Ingredients:
- 1 ½ cups (180g) all-purpose flour
- 1 teaspoon baking powder
- ½ teaspoon baking soda
- ½ teaspoon salt
- ½ cup (113g) unsalted butter, softened
- 1 cup (200g) granulated sugar
- 3 large eggs
- 2 teaspoons pure vanilla extract
- 2 teaspoons almond extract
- ½ cup (120ml) buttermilk (or non-dairy milk for a dairy-free version)
- Sliced almonds for garnish (optional)
- Powdered sugar for dusting (optional)
Instructions:
- Preheat the oven to 350°F (175°C).
- Grease and flour the cake pan or line with parchment paper.

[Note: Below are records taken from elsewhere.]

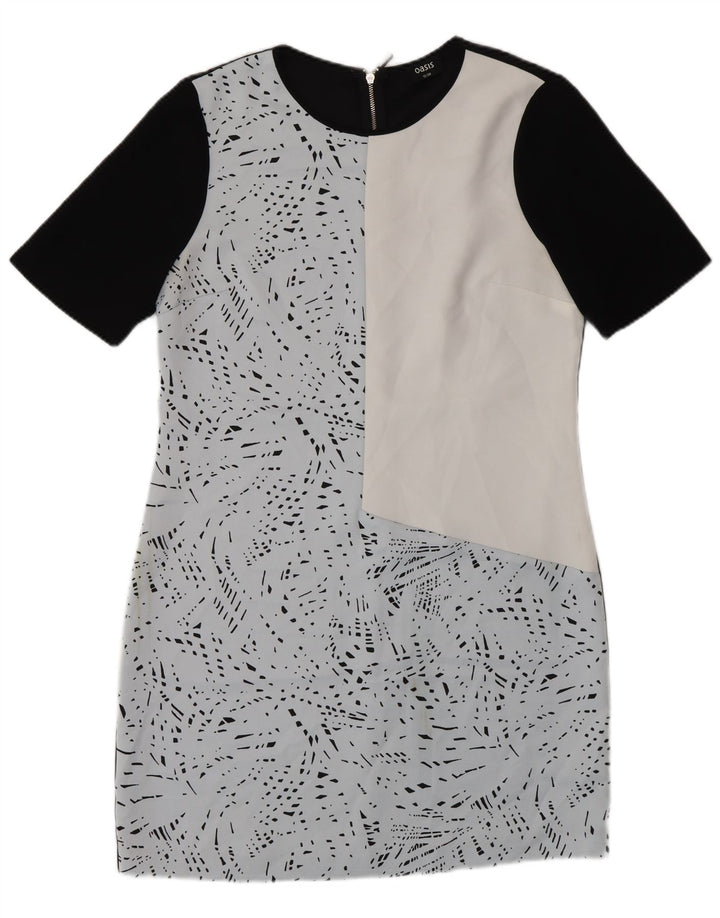Oasis Womens Abstract Pattern Sheath Dress UK 12 Medium Blue Colourblock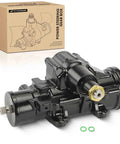 Top Notch Direct Fit Power Steering Gearbox Replacement Fits Chevrolet C1500 C2500 Suburban with black housing and fittings.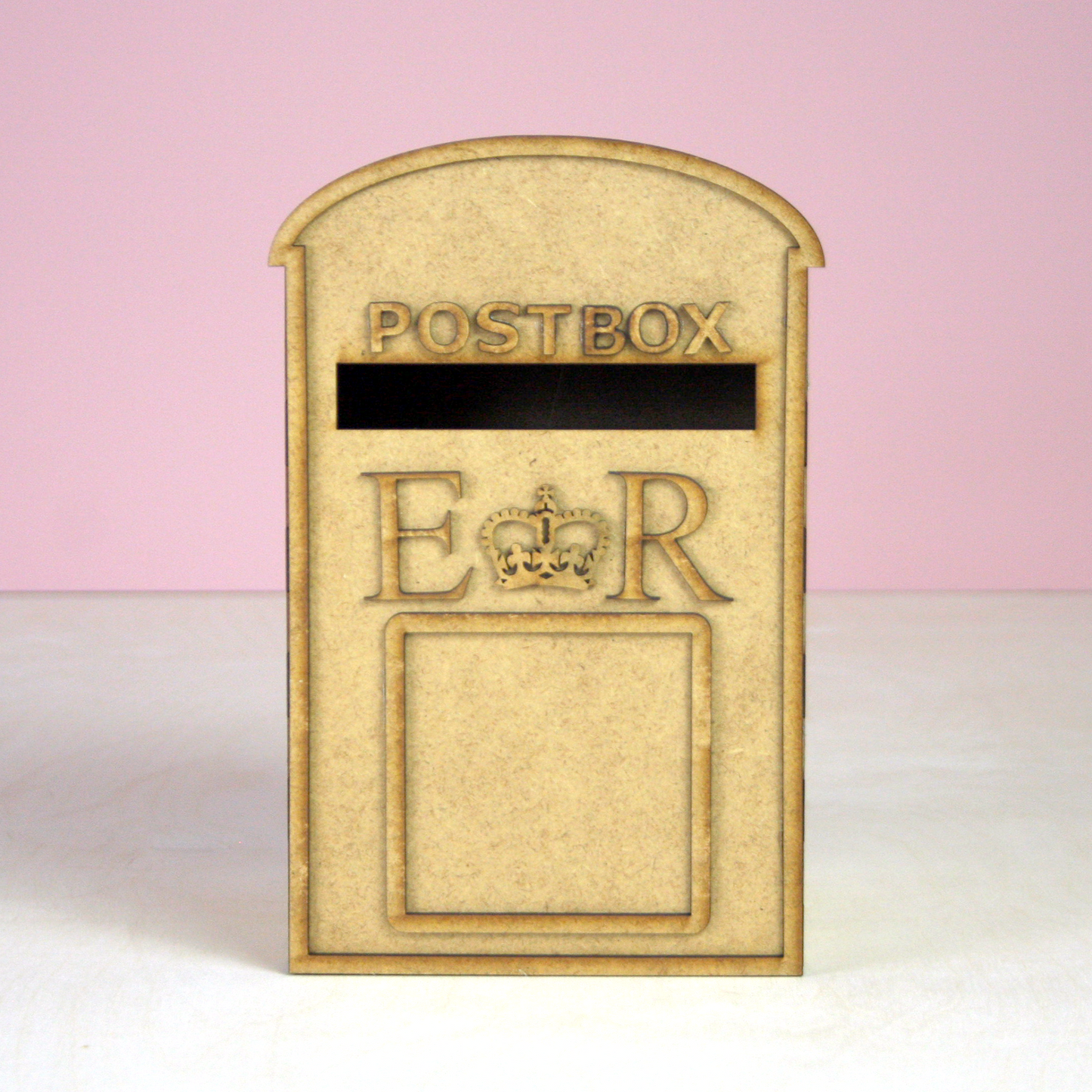 MDF postbox on pink background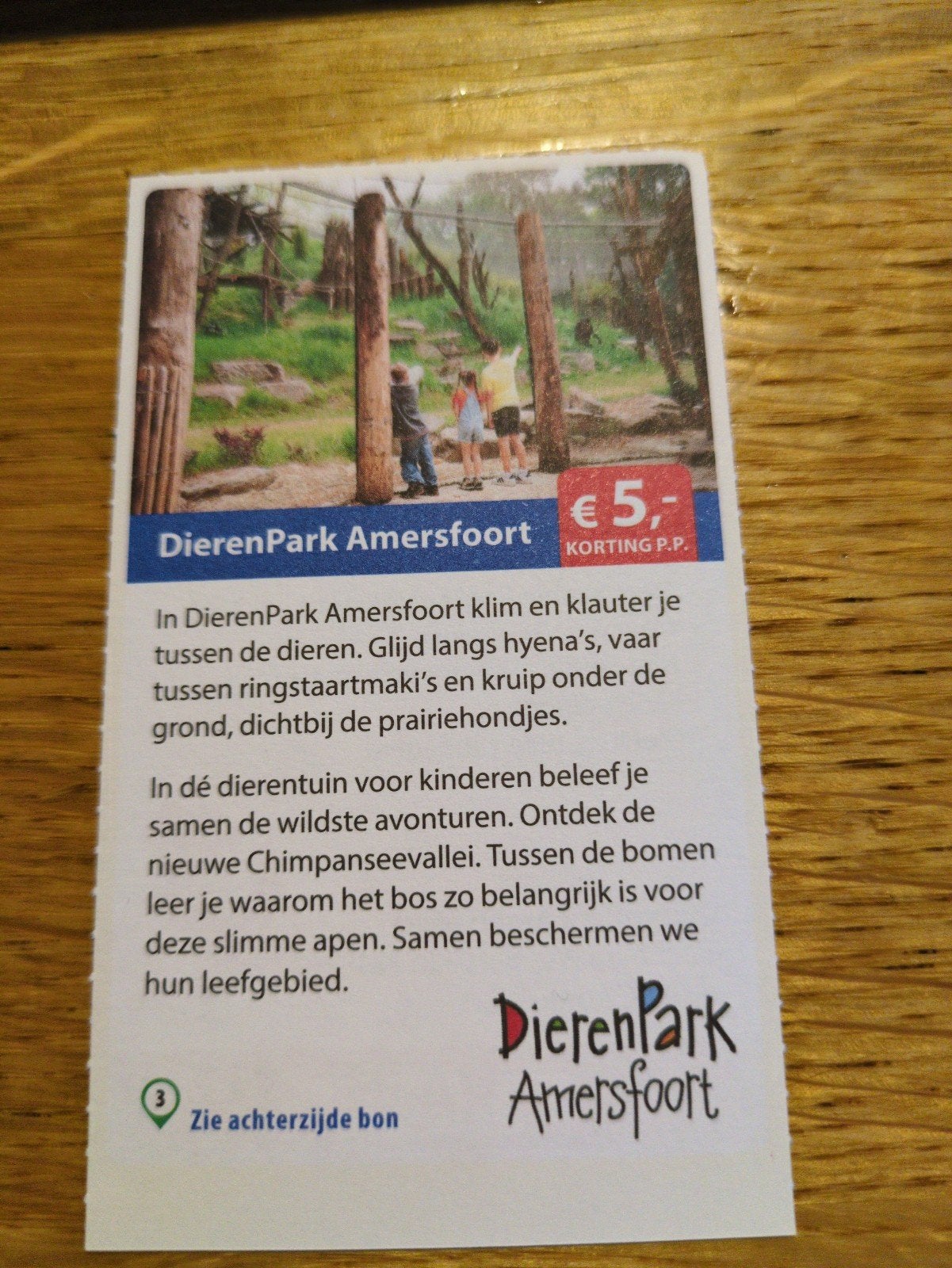 Kortingsbon voor Dierenpark Amersfoort, 5 euro p.p., Drie personen of meer, Kortingskaart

- In a bowl, whisk together flour, baking powder, baking soda, and salt.
- In a separate bowl, cream the softened butter and sugar until light and fluffy.
- Incorporate eggs, vanilla extract, and almond extract one at a time, mixing well after each addition.
- Gradually add dry ingredients to the wet ingredients, alternating with buttermilk. Mix until just combined.
- Pour the batter into the prepared pan and smooth the top. Bake for 25-30 minutes or until a toothpick inserted in the center comes out clean.
- Allow the cake to cool in the pan for 10 minutes, then transfer to a cooling rack to cool completely.
- Top with sliced almonds and dust with powdered sugar before serving (optional).